And the Bible talks about an amazing power that happens when we do good. I can't wait to tell you about it today. Welcome to this Edition of Living on the Edge with Chip Ingram. The mission of these daily programs is to intentionally disciple Christians through the Bible teaching of Chip Ingram. I'm Dave Druey, and in just a minute, we'll launch our series called Doing Good, What Happens When Christians Live Like Christians. Well, over the next several programs, Chip's going to reveal how our simple choice to do good can change the world around us.

One person, one family, and one neighborhood at a time. And if you're looking for more practical ways to make this happen, stick around after every message in this series to hear some additional thoughts from Chip. Okay, if you have a Bible, open now to Titus chapter two, and let's join Chip as he kicks off this series with his message, Why Doing Good Matters So Much. Doing good is powerful. Doing good changes the course of people's lives. And as we do good to other people, I don't know about you, but it does something inside of us as well. Doing good is positive, it's powerful, it's rewarding, and in fact, the Bible commands us to do good.

But I think we're living in a day where doing good has kind of fallen on hard times. There's a couple extremes that keep us from doing good the way God wants us to. People say, well, if it's by grace that you're saved, then, you know, why do good?

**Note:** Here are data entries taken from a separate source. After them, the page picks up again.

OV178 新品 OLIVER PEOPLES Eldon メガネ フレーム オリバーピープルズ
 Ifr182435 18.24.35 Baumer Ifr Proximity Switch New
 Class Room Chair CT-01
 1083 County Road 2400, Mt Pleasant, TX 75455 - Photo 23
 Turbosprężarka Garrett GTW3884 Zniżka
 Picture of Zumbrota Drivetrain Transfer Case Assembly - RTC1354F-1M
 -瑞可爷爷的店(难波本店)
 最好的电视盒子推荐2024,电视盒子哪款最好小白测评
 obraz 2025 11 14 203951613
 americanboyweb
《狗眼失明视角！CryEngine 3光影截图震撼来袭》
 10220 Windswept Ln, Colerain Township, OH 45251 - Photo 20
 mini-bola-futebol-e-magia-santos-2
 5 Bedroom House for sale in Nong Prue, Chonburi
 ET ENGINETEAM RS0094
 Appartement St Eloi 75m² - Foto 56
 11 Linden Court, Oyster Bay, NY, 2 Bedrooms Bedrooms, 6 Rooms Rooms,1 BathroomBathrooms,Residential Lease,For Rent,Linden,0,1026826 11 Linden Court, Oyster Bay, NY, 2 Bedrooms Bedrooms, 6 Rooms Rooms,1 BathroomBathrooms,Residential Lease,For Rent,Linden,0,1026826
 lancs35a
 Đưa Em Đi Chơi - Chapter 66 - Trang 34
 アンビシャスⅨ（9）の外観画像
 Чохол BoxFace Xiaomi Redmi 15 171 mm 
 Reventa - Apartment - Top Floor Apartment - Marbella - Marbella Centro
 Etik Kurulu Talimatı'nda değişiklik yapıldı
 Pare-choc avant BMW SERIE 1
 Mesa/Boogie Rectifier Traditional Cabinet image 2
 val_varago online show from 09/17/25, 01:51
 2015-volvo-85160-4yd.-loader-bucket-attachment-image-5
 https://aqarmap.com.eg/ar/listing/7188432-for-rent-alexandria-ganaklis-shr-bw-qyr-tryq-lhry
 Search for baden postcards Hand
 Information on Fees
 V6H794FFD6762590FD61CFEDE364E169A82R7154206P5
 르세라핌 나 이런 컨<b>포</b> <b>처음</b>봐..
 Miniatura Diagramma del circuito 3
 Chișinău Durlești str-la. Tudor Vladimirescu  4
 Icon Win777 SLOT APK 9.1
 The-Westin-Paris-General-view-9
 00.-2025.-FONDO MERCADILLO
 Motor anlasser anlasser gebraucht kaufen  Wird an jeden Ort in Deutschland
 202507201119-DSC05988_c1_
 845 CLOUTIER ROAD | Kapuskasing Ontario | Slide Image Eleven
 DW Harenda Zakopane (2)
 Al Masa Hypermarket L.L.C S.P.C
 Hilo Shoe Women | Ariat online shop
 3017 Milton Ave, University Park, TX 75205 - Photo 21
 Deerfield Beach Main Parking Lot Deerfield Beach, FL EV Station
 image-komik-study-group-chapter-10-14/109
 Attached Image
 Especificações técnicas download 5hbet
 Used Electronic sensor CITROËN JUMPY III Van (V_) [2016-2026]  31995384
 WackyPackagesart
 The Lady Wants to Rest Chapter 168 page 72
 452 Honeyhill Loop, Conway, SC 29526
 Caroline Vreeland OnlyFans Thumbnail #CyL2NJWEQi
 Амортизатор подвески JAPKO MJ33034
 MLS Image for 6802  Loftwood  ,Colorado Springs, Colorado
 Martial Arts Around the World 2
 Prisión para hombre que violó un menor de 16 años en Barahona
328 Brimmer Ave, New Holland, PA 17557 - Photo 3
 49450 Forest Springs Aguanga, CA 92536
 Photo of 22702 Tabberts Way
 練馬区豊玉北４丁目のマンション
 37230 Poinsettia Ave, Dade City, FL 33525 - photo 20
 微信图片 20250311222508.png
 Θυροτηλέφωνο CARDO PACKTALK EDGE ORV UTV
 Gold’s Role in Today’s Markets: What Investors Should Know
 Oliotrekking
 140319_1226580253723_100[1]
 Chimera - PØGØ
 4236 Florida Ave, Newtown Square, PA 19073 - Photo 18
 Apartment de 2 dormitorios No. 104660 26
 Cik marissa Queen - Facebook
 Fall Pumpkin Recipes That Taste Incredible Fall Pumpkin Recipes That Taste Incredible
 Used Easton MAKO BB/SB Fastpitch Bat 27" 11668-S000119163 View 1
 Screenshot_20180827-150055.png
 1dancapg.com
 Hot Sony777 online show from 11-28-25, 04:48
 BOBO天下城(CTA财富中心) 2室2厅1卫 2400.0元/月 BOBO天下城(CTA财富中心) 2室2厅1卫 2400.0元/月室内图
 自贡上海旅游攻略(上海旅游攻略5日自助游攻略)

God loves me anyway, right? Then religious people get really upset about that for good reason, and so they try and correct it with the other extreme. And the other extreme is then, well, if you really want God to love you, then they make it conditional, and you need to stop doing these five things and start doing these seven things, and on these days you always have to do these things, and so you get legalism over here, and you get sort of like grace that doesn't have any impact.

And so all the way back in the early church, these two extremes were troubling, and they began to discredit Christianity. And so there's a whole book, already a whole book in the New Testament written just to help you and me understand what doing good looks like. The why of doing good, the what of doing good, and the how to do good, and what it does for us, what it does for God, and then what it does for other people. I put some teaching notes, if you want to pull those out, I want to give you a little overview of what it means to do good, and as we do, that's one of those words that has a broad meaning. Webster says doing good is the opposite of bad or poor or evil. Someone who is good has favorable character. The word always has a sense of moral purity, and doing good or being good, some synonyms are it's productive, wholesome, it enhances, it blesses, it encourages, it helps, it improves, it provides.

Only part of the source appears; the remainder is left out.